Material for this task
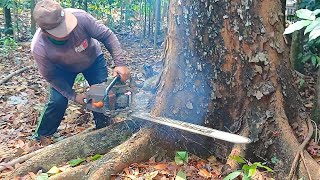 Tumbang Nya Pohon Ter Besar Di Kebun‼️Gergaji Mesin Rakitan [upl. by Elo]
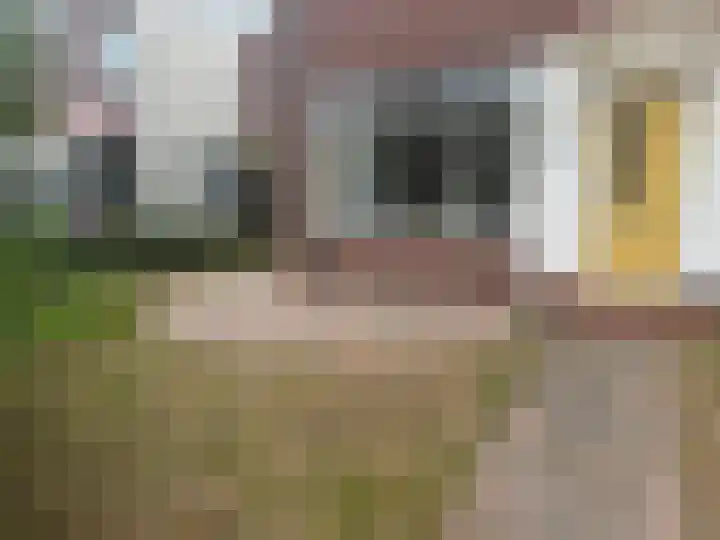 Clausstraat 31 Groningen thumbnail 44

--

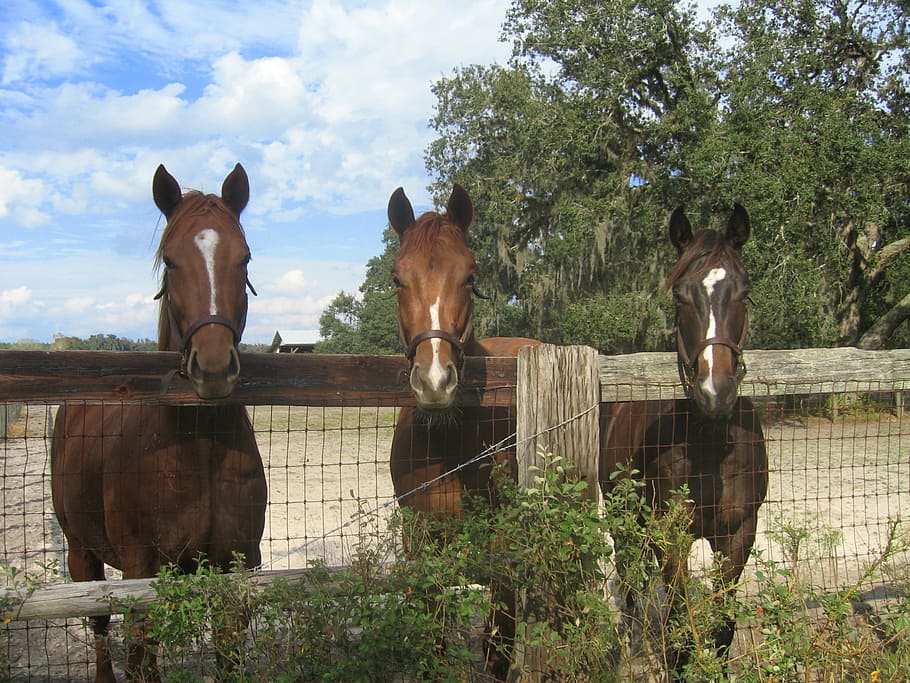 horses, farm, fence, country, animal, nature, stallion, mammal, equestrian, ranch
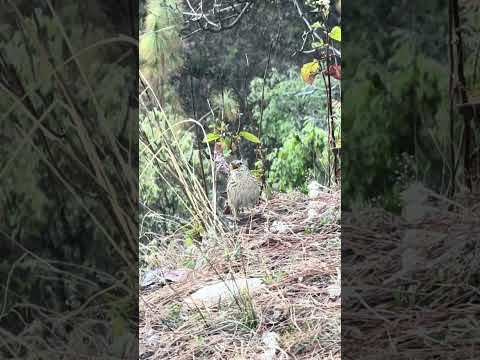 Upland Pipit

* * *

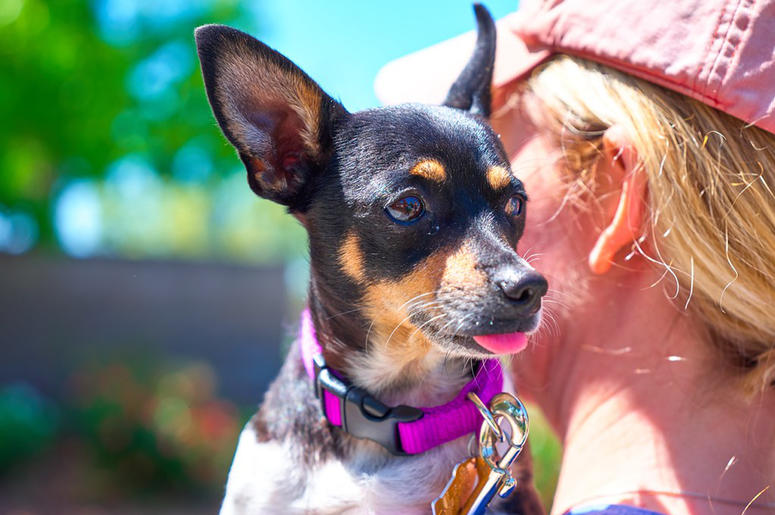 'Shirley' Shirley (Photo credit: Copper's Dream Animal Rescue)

What to work on
Range to copy from the listing above: the line containing "mammal, equestrian, ranch" down to the line containing "Upland Pipit", both included. Reproduce it exactly, minus the pictures, and add nothing.

Written answer
 horses, farm, fence, country, animal, nature, stallion, mammal, equestrian, ranch
 Upland Pipit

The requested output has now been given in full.